Anatomy of Putin’s divorce announcement

is Russian media analyst for BBC Monitoring.

The packaging of Russian President Vladimir Putin's impending divorce from his wife Lyudmila was a classic piece of Kremlin media manipulation. According to media analyst Andrey Miroshnichenko, it saw the Kremlin spin machine reach "new heights” with “large-scale reality laundering”.   

Using carefully staged interviews to broach delicate personal issues is a well-worn media tactic for public figures the world over. Remember the confessions of Prince Charles and Princess Diana ahead of their divorce in 1996?

For the Putins, the idea was to limit the impact of the story by presenting it as something routine, personal and of little interest to the public.

The recorded interview in which they announced their separation appeared first on the little-watched state news channel Rossiya 24, and not on one of the main state-controlled channels that are the usual outlet for the president's televised set pieces.

Moreover, the story was presented in such a way that only attentive viewers would have even picked up on it. Anyone watching Rossiya 24 with the sound down would have had little inkling that a global news event had taken place. The channel ran no captions or ticker tapes, either at the time of the announcement or during the subsequent few hours.

Rossiya 24's presenter led into the story by telling viewers that the Putins had been attending a performance of the ballet Esmeralda at the Kremlin State Palace theatre and that arts reporter Polina Yermolayeva had "asked them some questions".

The appearance of the Putins together in public is a rare event these days, but nevertheless nothing very exciting seemed to be going on as Yermolayeva asked them about the ballet. They enthused about the scenery, music and the prima ballerina. "You get the impression our ballet has achieved new heights," Lyudmila said. "Lovely, lovely," Putin agreed.

But suddenly and dramatically Yermolayeva changed tack: "If you don't mind, just one more question. You are rarely seen together. Rumour has it you don't live together. Is this true?"

Putin nodded, seemed briefly to smile to his wife, and said: "Yes, it's true."

For the next couple of minutes, he and Lyudmila explained that Putin's workload meant that they now lived separate lives but still remain "very close". Throughout, the presidential couple referred to each other by forename and patronymic - the Russian equivalent of ‘Mr’ and ‘Mrs’.

Yermolayeva tentatively ventured one more question. "Please, forgive me," she said, "but this word has not been pronounced and I fear to say it. Is this a divorce?"

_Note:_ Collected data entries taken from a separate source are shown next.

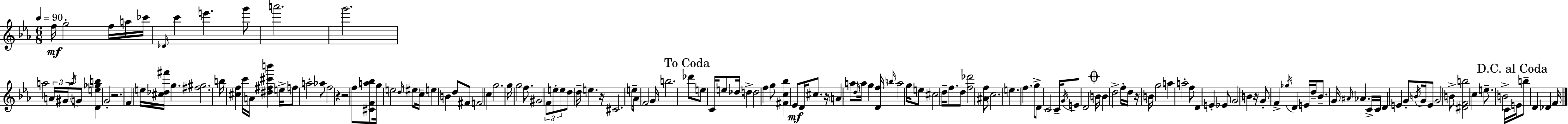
F5/s G5/h F5/s A5/s CES6/s Db4/s C6/q E6/q. G6/e A6/h. G6/h. A5/h A4/s G#4/s A5/s G4/e [D4,E5,Gb5,B5]/q G4/h R/h. F4/q E5/s [C#5,Db5,F#6]/s G5/q. [F#5,G#5]/h. B5/s [C#5,F5]/q C6/s A4/s [D#5,F#5,C#6,B6]/q E5/s F5/e A5/h Ab5/e F5/h R/q R/h F5/e [C#4,F4,A5,Bb5]/e G5/s E5/h D5/s EIS5/e C5/s E5/q B4/q D5/e F#4/e F4/h C5/q G5/h. G5/s G5/h F5/e. G#4/h F4/e E5/e E5/e D5/e D5/s E5/q. R/s C#4/h. E5/s Ab4/e F4/h G4/s B5/h. Db6/e E5/e C4/s E5/e Db5/s D5/q D5/h F5/q G5/e [F#4,C5,Bb5]/q Eb4/e D4/s C#5/e. R/s A4/q A5/e D5/s A5/s G5/q [D4,F5]/s B5/s A5/h G5/s E5/e C#5/h D5/s F5/e. D5/e [F5,Db6]/h [A#4,F5]/e C5/h. E5/q. F5/q. G5/e D4/e C4/h C4/s G4/s E4/e D4/h B4/s B4/q D5/h F5/s D5/s R/s B4/s G5/h A5/q A5/h F5/e D4/q E4/q Eb4/e G4/h B4/q R/s G4/e F4/q Gb5/s D4/q E4/s D5/s Bb4/e. G4/s A#4/s Ab4/q. C4/s C4/s D4/q E4/q G4/e B4/s G4/s E4/e G4/h B4/e [D#4,F4,B5]/h C5/q E5/e. B4/h C4/s E4/s B5/e D4/q Db4/q F4/s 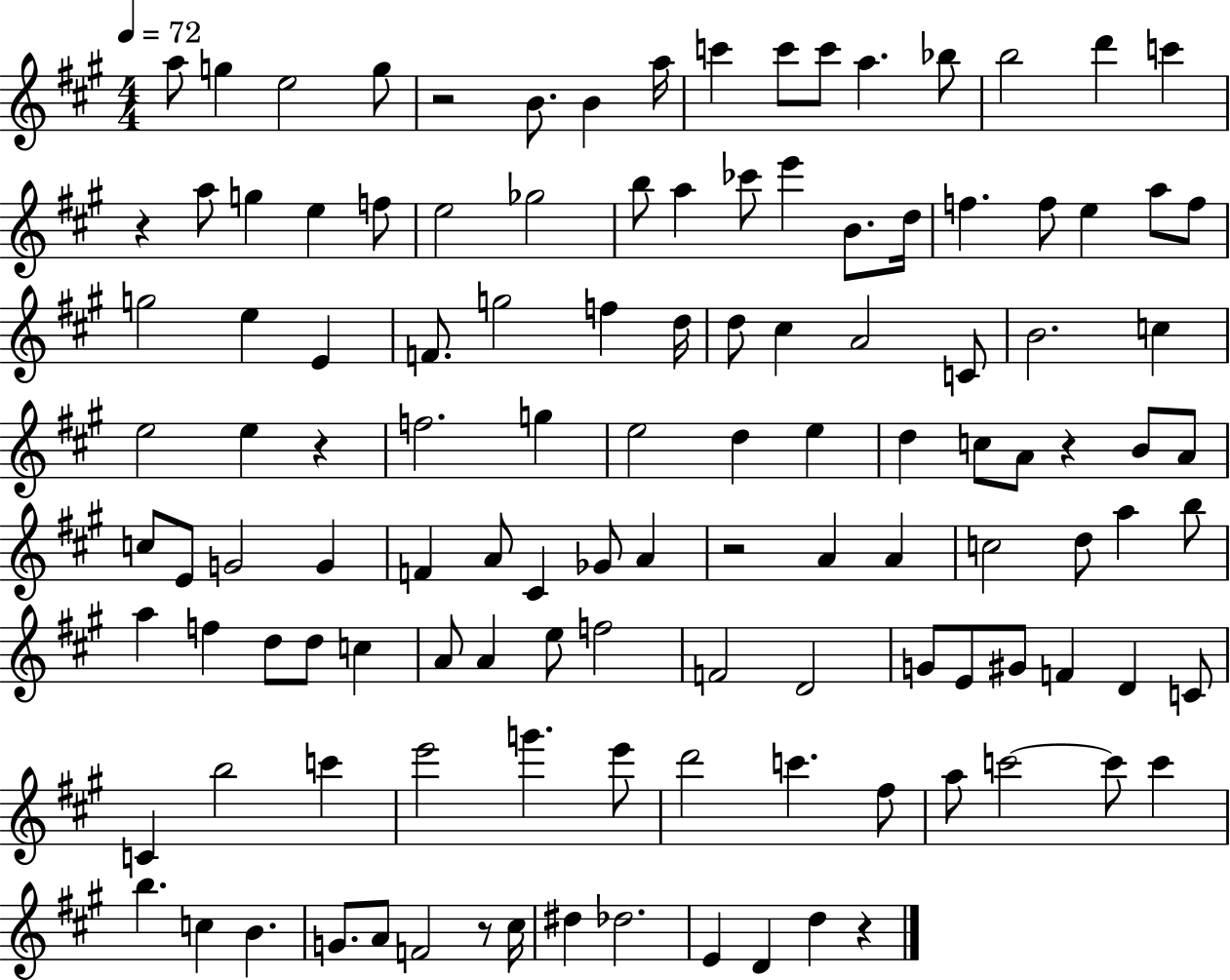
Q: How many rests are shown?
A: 7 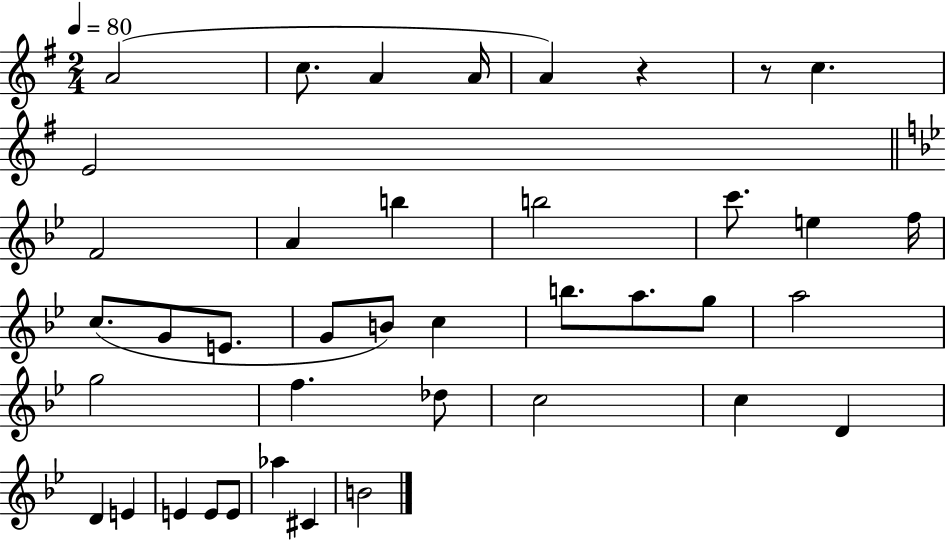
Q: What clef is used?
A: treble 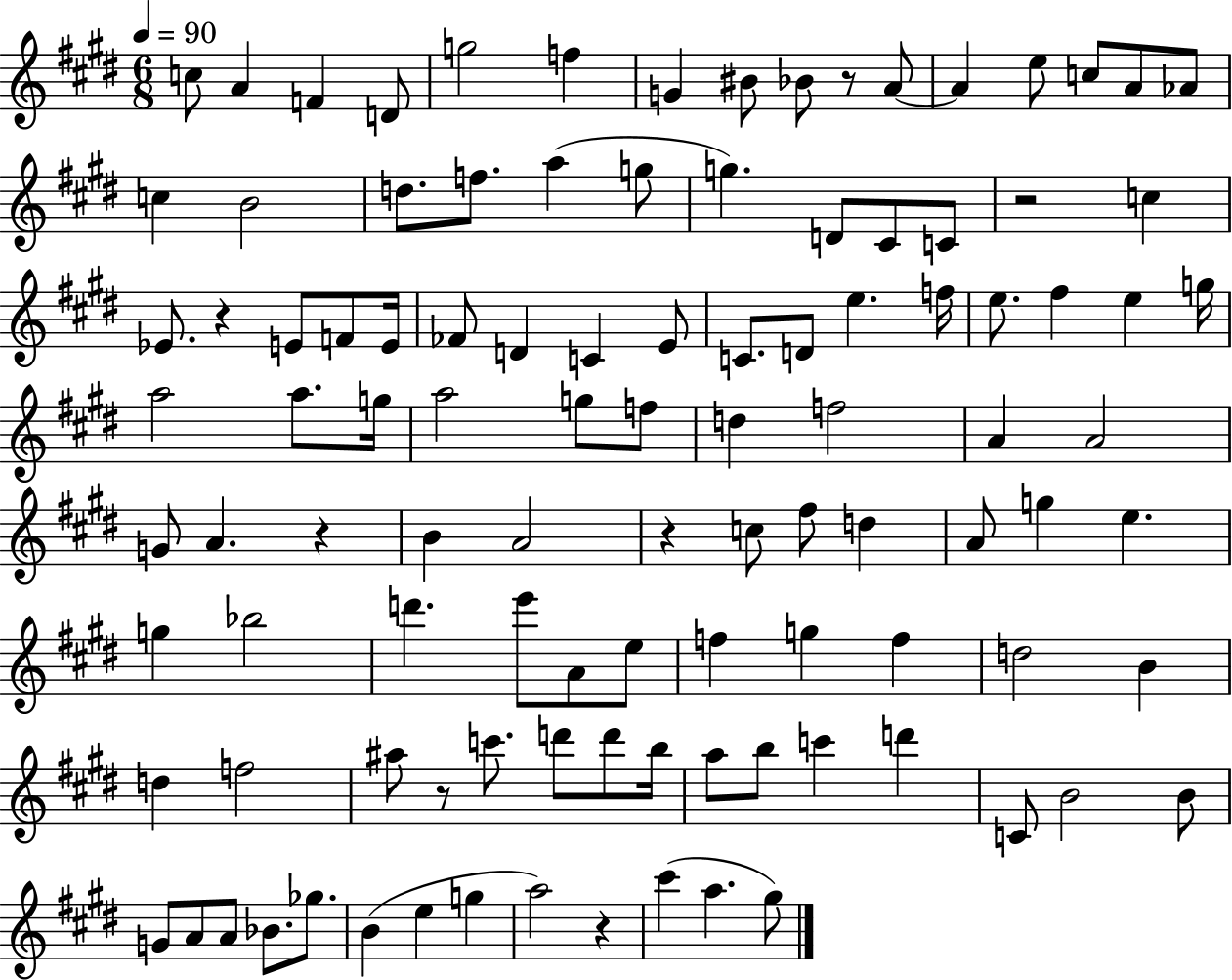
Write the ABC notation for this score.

X:1
T:Untitled
M:6/8
L:1/4
K:E
c/2 A F D/2 g2 f G ^B/2 _B/2 z/2 A/2 A e/2 c/2 A/2 _A/2 c B2 d/2 f/2 a g/2 g D/2 ^C/2 C/2 z2 c _E/2 z E/2 F/2 E/4 _F/2 D C E/2 C/2 D/2 e f/4 e/2 ^f e g/4 a2 a/2 g/4 a2 g/2 f/2 d f2 A A2 G/2 A z B A2 z c/2 ^f/2 d A/2 g e g _b2 d' e'/2 A/2 e/2 f g f d2 B d f2 ^a/2 z/2 c'/2 d'/2 d'/2 b/4 a/2 b/2 c' d' C/2 B2 B/2 G/2 A/2 A/2 _B/2 _g/2 B e g a2 z ^c' a ^g/2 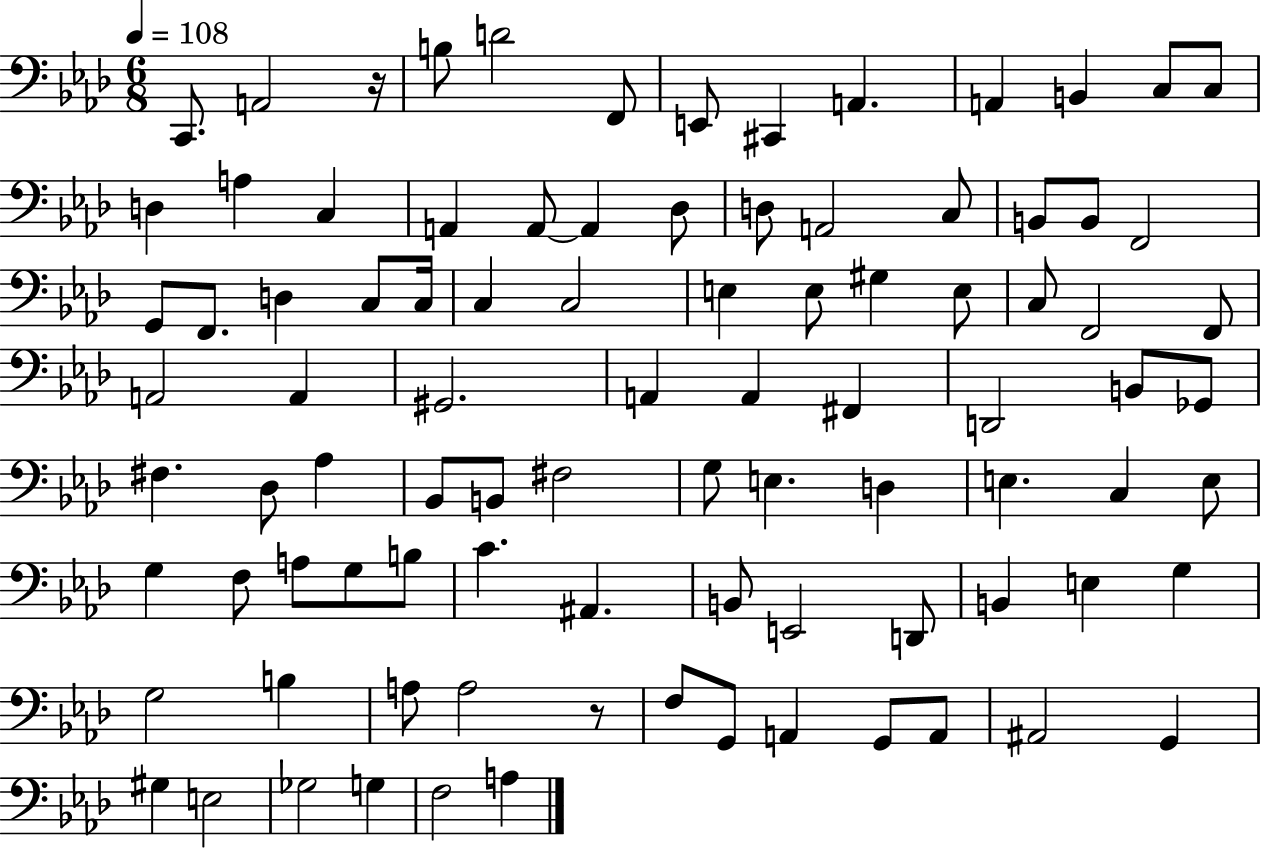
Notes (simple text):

C2/e. A2/h R/s B3/e D4/h F2/e E2/e C#2/q A2/q. A2/q B2/q C3/e C3/e D3/q A3/q C3/q A2/q A2/e A2/q Db3/e D3/e A2/h C3/e B2/e B2/e F2/h G2/e F2/e. D3/q C3/e C3/s C3/q C3/h E3/q E3/e G#3/q E3/e C3/e F2/h F2/e A2/h A2/q G#2/h. A2/q A2/q F#2/q D2/h B2/e Gb2/e F#3/q. Db3/e Ab3/q Bb2/e B2/e F#3/h G3/e E3/q. D3/q E3/q. C3/q E3/e G3/q F3/e A3/e G3/e B3/e C4/q. A#2/q. B2/e E2/h D2/e B2/q E3/q G3/q G3/h B3/q A3/e A3/h R/e F3/e G2/e A2/q G2/e A2/e A#2/h G2/q G#3/q E3/h Gb3/h G3/q F3/h A3/q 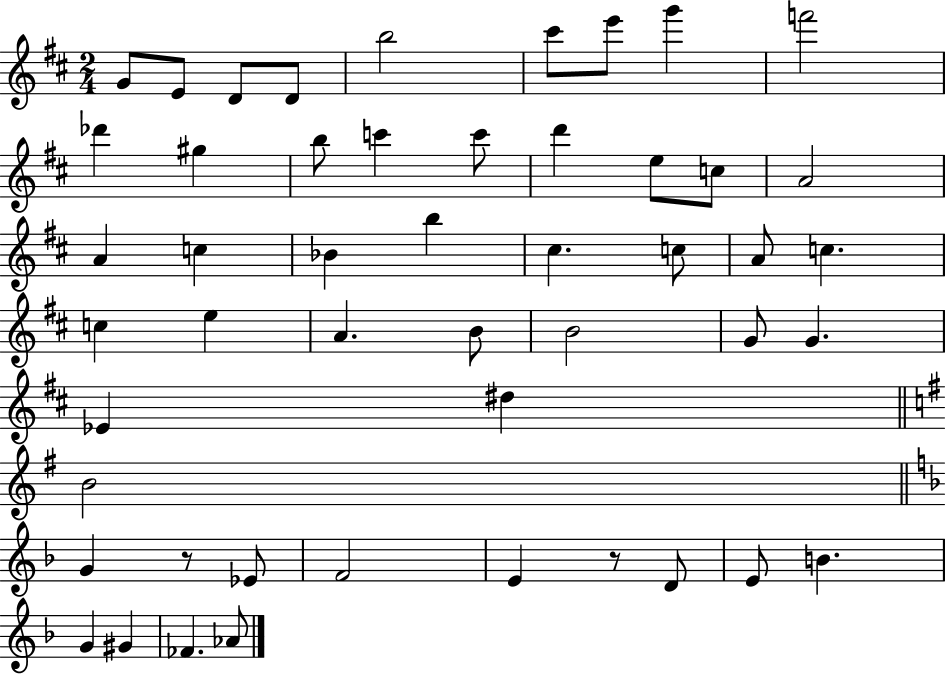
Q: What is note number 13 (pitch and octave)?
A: C6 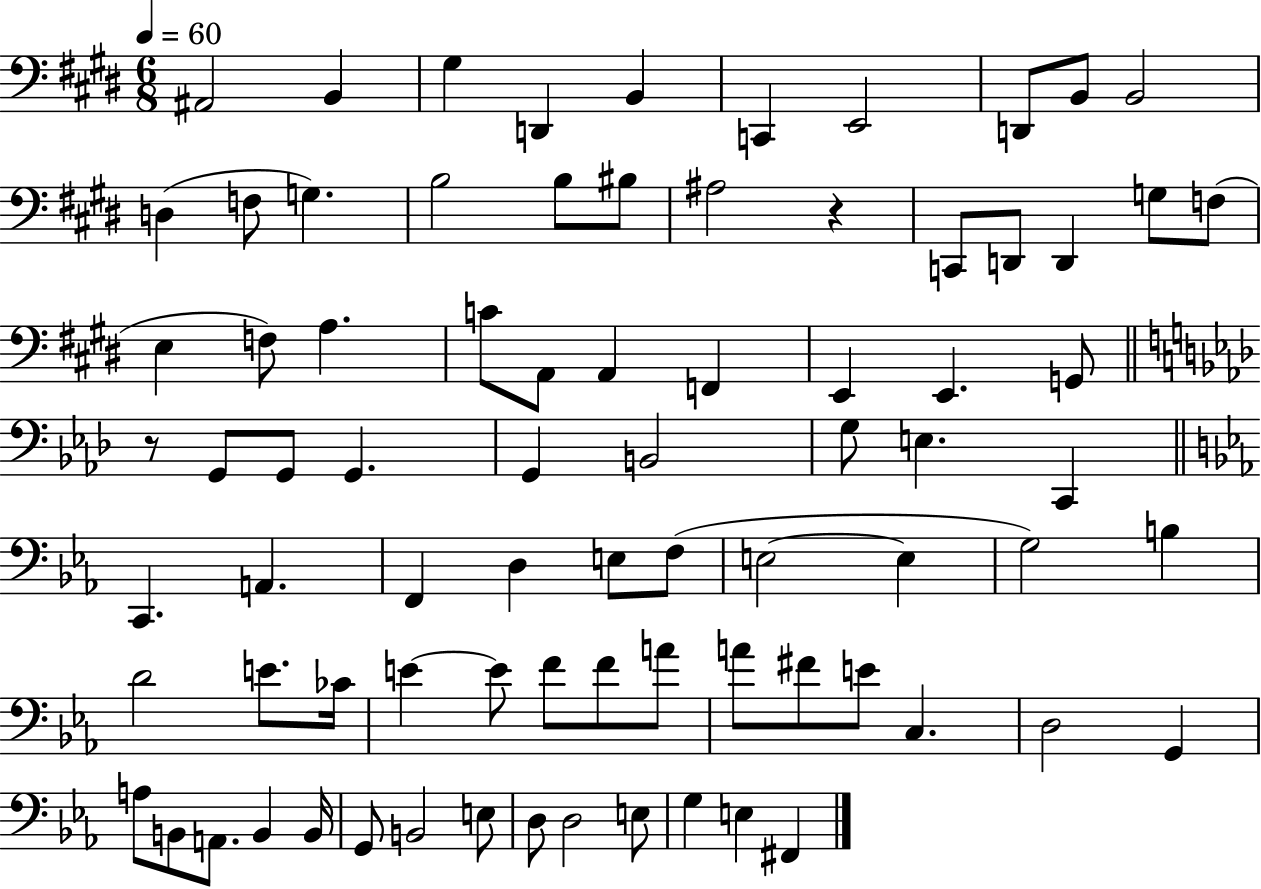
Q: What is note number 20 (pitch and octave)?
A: D2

"One can say it is a civilised divorce," Lyudmila replied.

"Yes," Putin concurred.

It appeared to be the ultimate act of heroic journalism - a young, unknown reporter had gone where others had feared to tread.

"Without declaring war, she hurled herself against the electrified barbed wire," satirist Viktor Shenderovich marvelled.

But of course, this being Russian state TV, the heroism was mock and the stunt staged.

Indeed, TV critic Irina Petrovskaya said it was one of the Kremlin spin doctors' outstanding creations "comparable in its fakery with the reports about the ancient urns". (In August 2011, Putin was shown on state TV diving into shallow waters near the edge of the Black Sea and apparently recovering a pair of Grecian urns that had lain there for 1500 years. Putin's spokesman later admitted the episode had been a set-up.)

The Kremlin spin doctors made sure the divorce announcement went out after the evening's main TV bulletins had ended. Brief accounts of the Putins' marriage breakup led state TV bulletins the following morning, but during the day the story slipped down the news agenda and come the primetime newscasts it had all but disappeared.

Coverage was similarly scant in most of the weekend's news reviews, and, of course, on state TV there was positive spin. "They were direct and open – to each other and the country. Not every family is capable of this kind of closeness and honesty in their relations," Rossiya 1 anchor Dmitriy Kiselev eulogized.

If Putin's spin doctors were trying to to minimize the impact on the president's core electorate, anecdotal evidence suggests they succeeded. PR manager Iveta Gulya told opposition weekly The New Times that her mother who "is never away from the TV,did not notice this news". Similarly, when the BBC's Steve Rosenberg quizzed passers-by in Moscow about the divorce he found a good deal of disbelief.

One aspect of the Putin divorce that has fascinated the foreign media and internet users in Russia is the president's alleged relationship with the 30-year-old former gymnast and MP Alina Kabayeva. But Kabayeva’s name has been almost completely absent from Russian mainstream media. Data from media monitoring service Medialogiya suggests that it has received just one mention in the printed media in the last few days.

Editors may be mindful of the fate of the paper, Moskovskiy Korrespondent, which closed down soon after running story about the Putin-Kabayeva rumours in 2008.

There’s just one piece of media evidence that sceptics believe may cast doubt on the idea that Putin's workload is the sole cause of his marital problems. On 24 May, state-controlled Channel One ran an hour-long documentary about Kabayeva, presenting her in a highly favourable light. The documentary was  made by the Masterskaya Movie Company, which in 2012 produced a series of films that were a key part of Putin's re-election campaign.